Saturday, August 22, 2009

In short: The Manitou (1978)

One day, Karen Tandy (Susan Strasberg) discovers a strange growth on the back of her neck. It is growing at an inexplicable rate, much faster than Karen's doctors are able to understand. What's even more strange - the growth doesn't seem to be a tumor but a fetus.

There's nothing strange that couldn't be cut away with a scalpel, of course, but the first try at cutting the thing off ends with Karen murmuring something in Hollywood Injunese and poor Dr. Hughes (Jon Cedar) cutting into his own hands.

Karen had at this point already gotten back in (very close) contact with her ex Harry Erskine (Tony Curtis), a professional tarot reader and wearer of fake facial hair. Harry's next tarot session with one of his elderly clients ends with the old woman murmuring the same Hollywood Injunese words, levitating along a hallway and falling to death down a flight of stairs.

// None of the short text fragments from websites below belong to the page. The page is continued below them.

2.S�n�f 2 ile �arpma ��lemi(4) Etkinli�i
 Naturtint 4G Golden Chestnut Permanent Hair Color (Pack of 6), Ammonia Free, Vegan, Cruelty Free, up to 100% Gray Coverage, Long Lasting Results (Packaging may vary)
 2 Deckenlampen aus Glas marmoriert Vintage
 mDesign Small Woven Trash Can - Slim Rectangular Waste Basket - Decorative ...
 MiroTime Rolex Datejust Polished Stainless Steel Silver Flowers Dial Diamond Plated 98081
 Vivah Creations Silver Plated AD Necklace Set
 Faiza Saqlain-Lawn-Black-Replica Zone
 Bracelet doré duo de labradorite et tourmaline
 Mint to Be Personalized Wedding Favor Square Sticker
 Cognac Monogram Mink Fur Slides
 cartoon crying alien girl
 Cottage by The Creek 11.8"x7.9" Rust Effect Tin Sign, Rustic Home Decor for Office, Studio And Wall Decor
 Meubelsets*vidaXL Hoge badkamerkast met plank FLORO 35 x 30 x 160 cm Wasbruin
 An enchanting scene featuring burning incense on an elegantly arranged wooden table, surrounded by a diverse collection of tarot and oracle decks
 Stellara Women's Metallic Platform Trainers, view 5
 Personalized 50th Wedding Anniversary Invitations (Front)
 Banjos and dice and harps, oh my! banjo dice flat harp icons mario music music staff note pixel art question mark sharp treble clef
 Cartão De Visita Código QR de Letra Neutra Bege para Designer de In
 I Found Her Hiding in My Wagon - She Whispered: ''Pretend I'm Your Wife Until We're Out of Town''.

While Karen lies unconscious in her hospital bed, Harry does a little research on their problem. A séance and a visit with guest star Burgess Meredith later, he is convinced that Karen is possessed by the spirit of an ancient Hollywood Injun medicine man trying to get reborn through a nice female neck.

Logically minded as he is, Harry seeks out the shaman John Singing Rock (Michael Ansara) and talks the man into helping him to fight the dead medicine man. All is set up for an awesome duel of occult powers in Dr. Hughes hightech hospital.

One of the great mysteries in my career as an observer of the weird, the crappy and the outright insane has always been the question: why did people give William Girdler money? The Manitou doesn't really answer that question, but deepens it to "why did people give a director as talentless as William Girdler money to adapt a book written by as terrible a hack as Graham Masterton?".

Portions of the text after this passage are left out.